After Abachman had secured this right, however, Stanley Steemer licensed a second company to operate a “duct cleaning” business in an overlapping geographic area. Abachman complained to Stanley Steemer that this second license violated its exclusive rights in the area, and, after being rebuffed, sought a declaratory judgment that this was so. The parties’ cross summary judgment motions resulted in judgment for the defendant, Stanley Steemer, on the basis that the franchise agreement granted exclusive rights only as to “carpet” and “upholstery” cleaning, not “duct” cleaning. Abachman appealed to the 11th Circuit.
The central issue in the appeal was whether the contract between Abachman and Stanley Steemer afforded Abachman an exclusive right in Stanley Steemer’s mark generally, or only as to carpet and upholstery. The relevant portion of the agreement gave “Abachman the exclusive and perpetual rights ‘to own and operate a Stanley Steemer carpet and upholstery cleaning business (hereinafter referred to as a ‘Stanley Steemer Business’) in the … ‘Franchisee’s Area’[ ] and to use the trademarks, services marks, patents, [and] trade secrets … solely in a Stanley Steemer Business in that area and in no other manner.’”
The per curiam decision affirmed the district court, holding that this language provided an exclusive right to the Stanley Steemer mark only as to “carpet and upholstery.” Relying on the language “and in no other manner,” the Court held that this unambiguous language foreclosed any broader understanding of the contract, even a subsequent term requiring payment by Abachman to Stanley Steemer for “any additional sale resulting from or associated with the name Stanley Steemer.”
Although there was a weak, facial argument that the broad language “trademarks, services marks, patents and trade secrets” is broader than only “carpet and upholstery cleaning” if done under the Stanley Steemer name, it seems clear that the Court concluded from the contract language quoted in its opinion that such use is constrained to “Stanley Steemer Business,” a term defined as “a Stanley Steemer carpet and upholstery cleaning business.”

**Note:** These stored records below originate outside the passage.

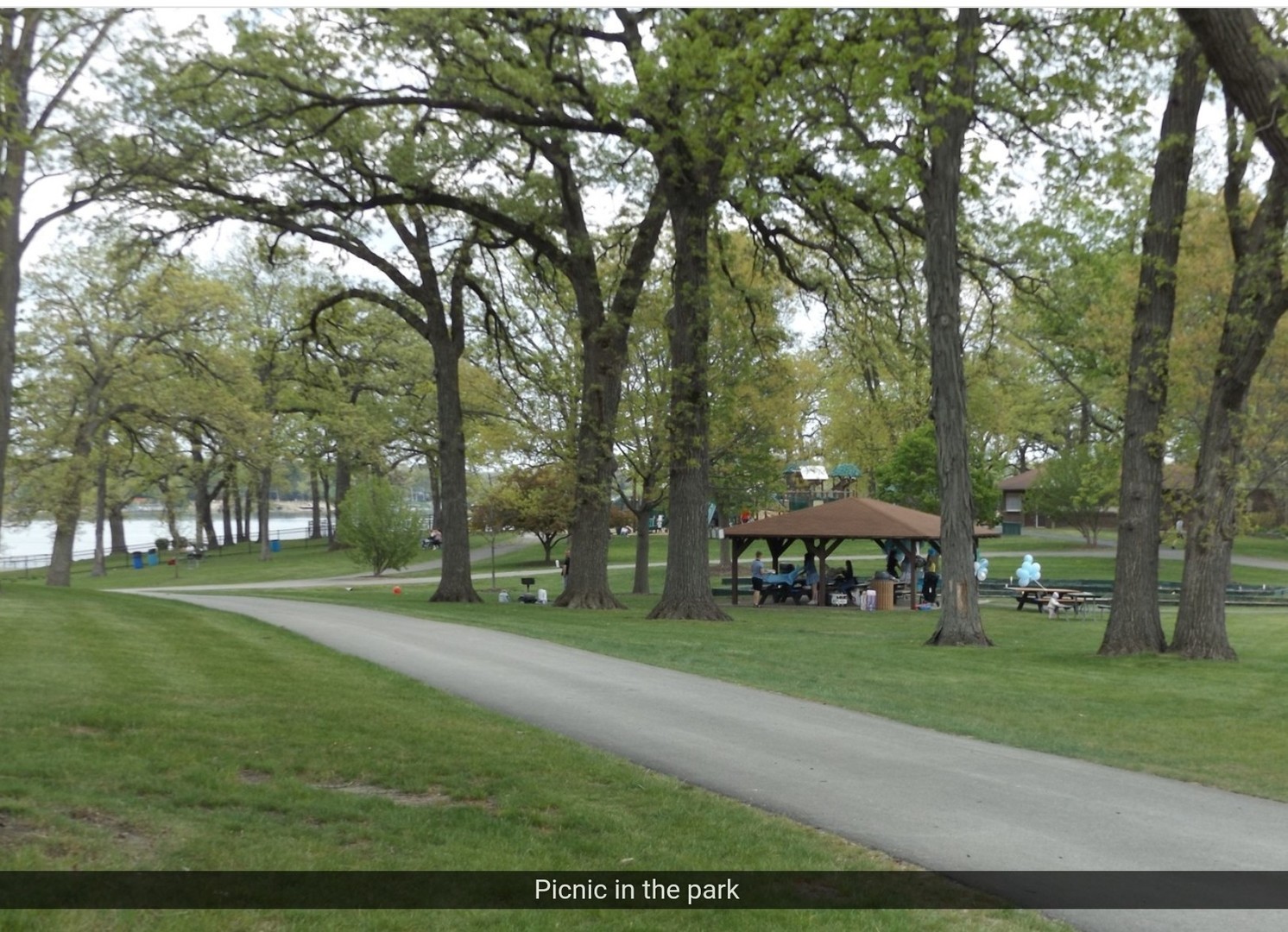 68 Beech Drive Lake Zurich IL 60047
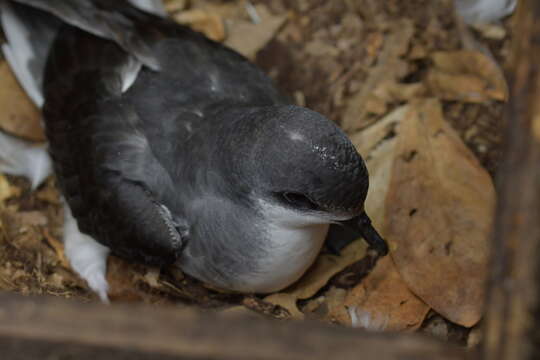 Image of Chatham Island Petrel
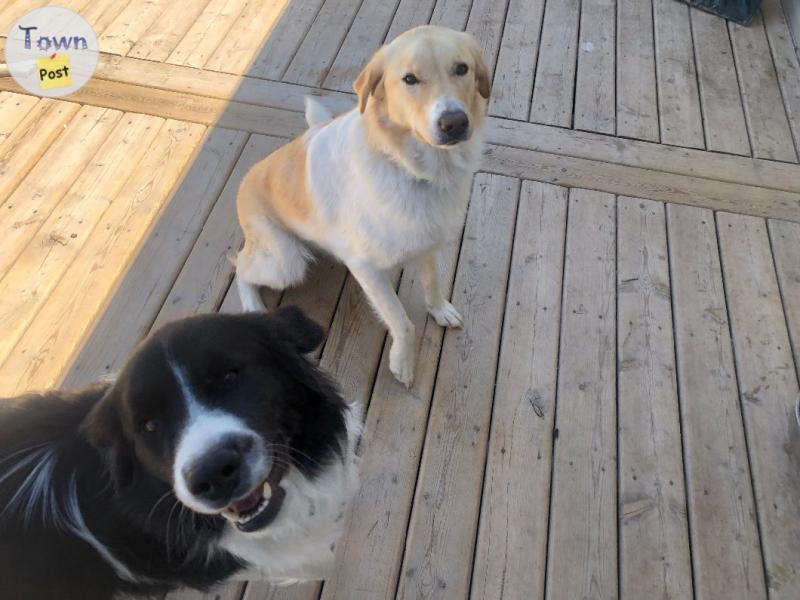 Photo of Boarder Collie mix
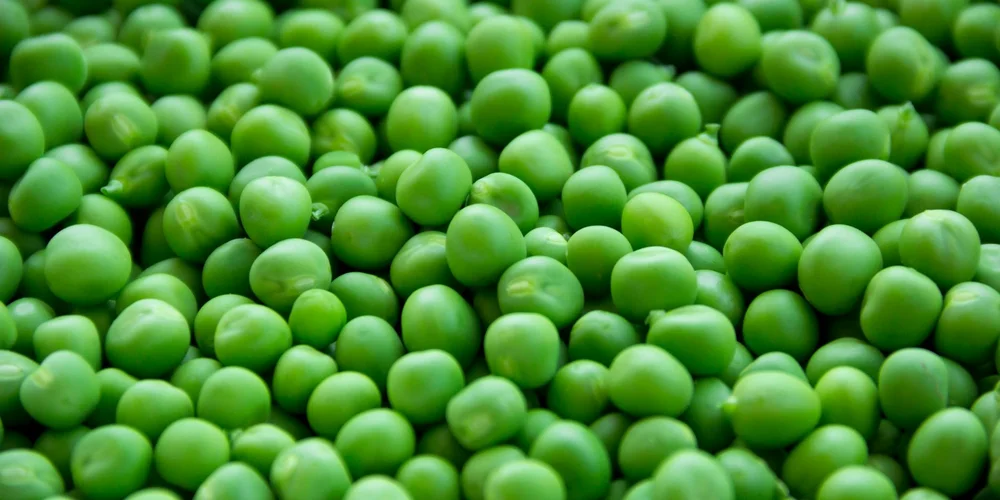 Close-up of fresh green peas in a pile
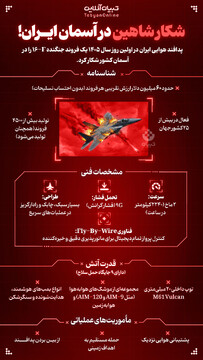 شکار شاهین در آسمان ایران!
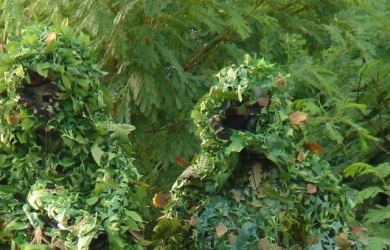 Two men in leaf camouflage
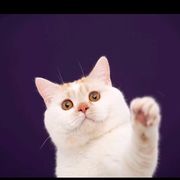 玄黄霸主😁海报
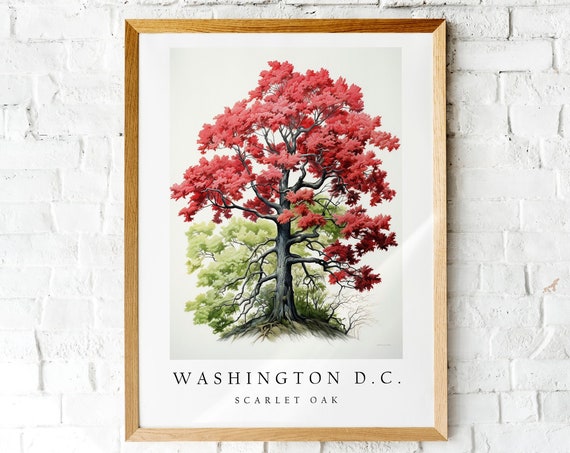 Scarlet Oak The State Tree Of Washington Dc Poster Print Wall Dcor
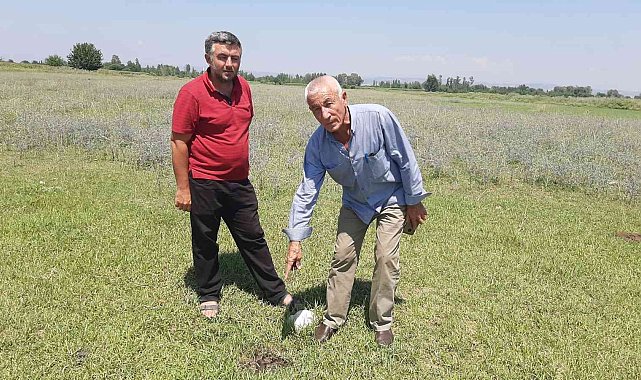 Ceyhan&#039;daki kuyu ile aynı yıl kapatılan Kadirli&#039;de petrol heyecanı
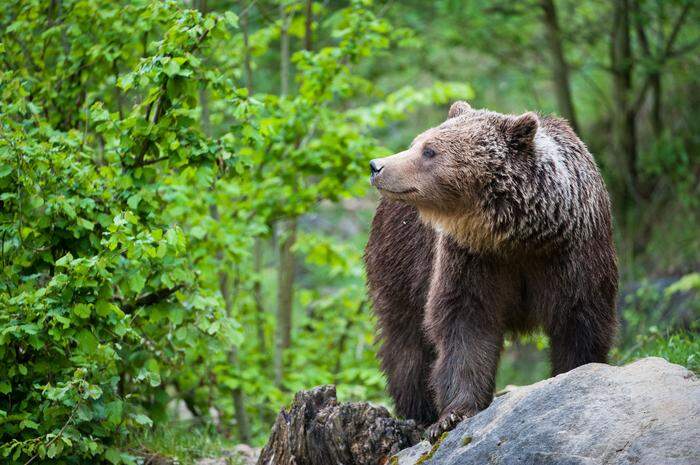 In Bergwäldern fühlt sich der Braunbär heimisch. Er findet hier ein reiches Nahrungsangebot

Although neither a trendsetting case nor a departure from black letter law, this case is a good reminder that clearly written, descriptive contract language is (still) critical and definitive in disputes. Here, Stanley Steemer did a good job of providing both the breadth necessary for Abachman to run a successful franchise and at the same time limiting that franchise strictly so as to enter into a separate agreement with another entity.